## [What you have to do]
Restate the whole listing below word for word and keep the images out.

## [Exercise data]
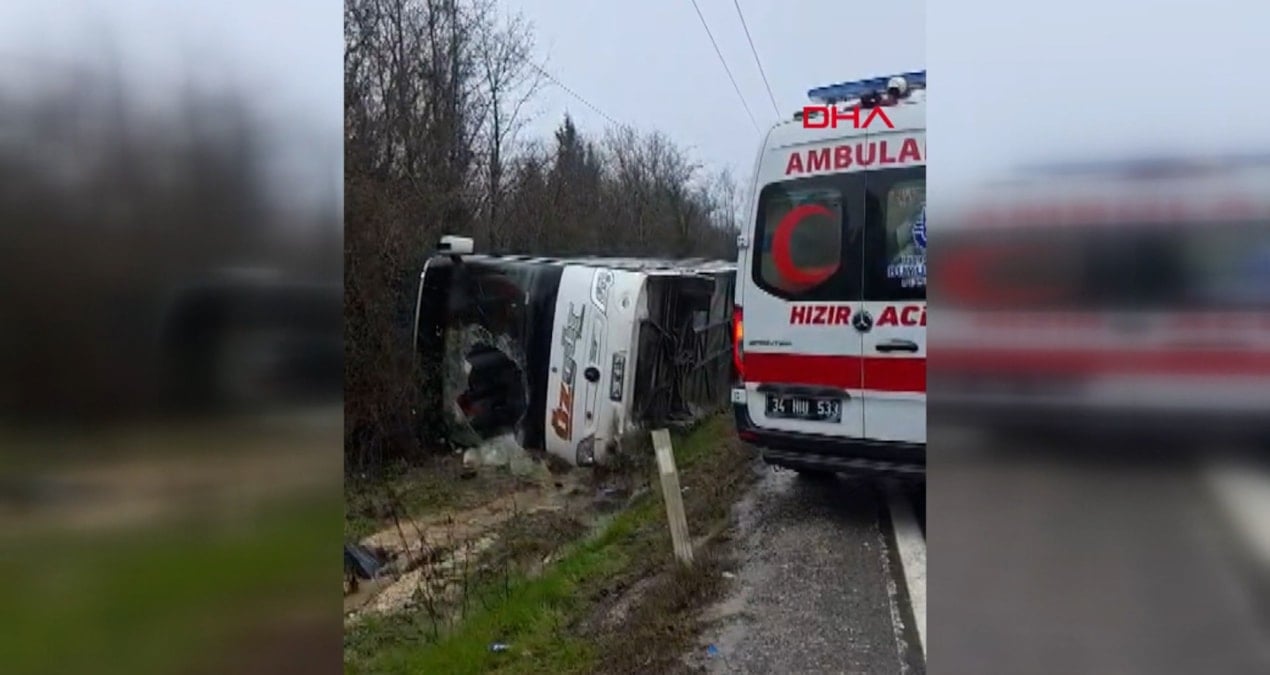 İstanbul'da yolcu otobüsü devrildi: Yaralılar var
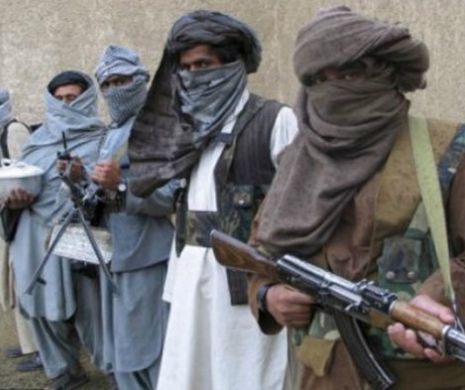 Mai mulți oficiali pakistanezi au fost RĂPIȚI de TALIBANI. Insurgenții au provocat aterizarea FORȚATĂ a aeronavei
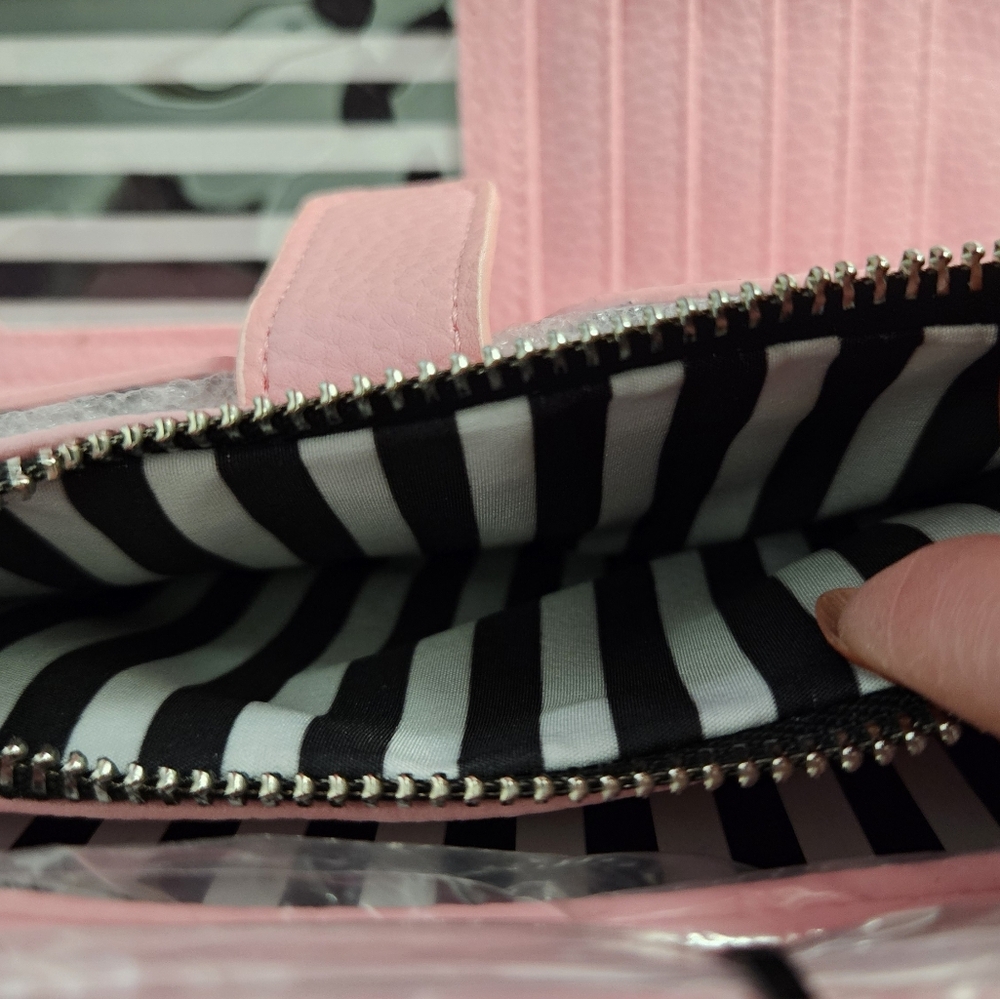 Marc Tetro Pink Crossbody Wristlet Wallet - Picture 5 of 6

## [Exercise output]
 İstanbul'da yolcu otobüsü devrildi: Yaralılar var
 Mai mulți oficiali pakistanezi au fost RĂPIȚI de TALIBANI. Insurgenții au provocat aterizarea FORȚATĂ a aeronavei
 Marc Tetro Pink Crossbody Wristlet Wallet - Picture 5 of 6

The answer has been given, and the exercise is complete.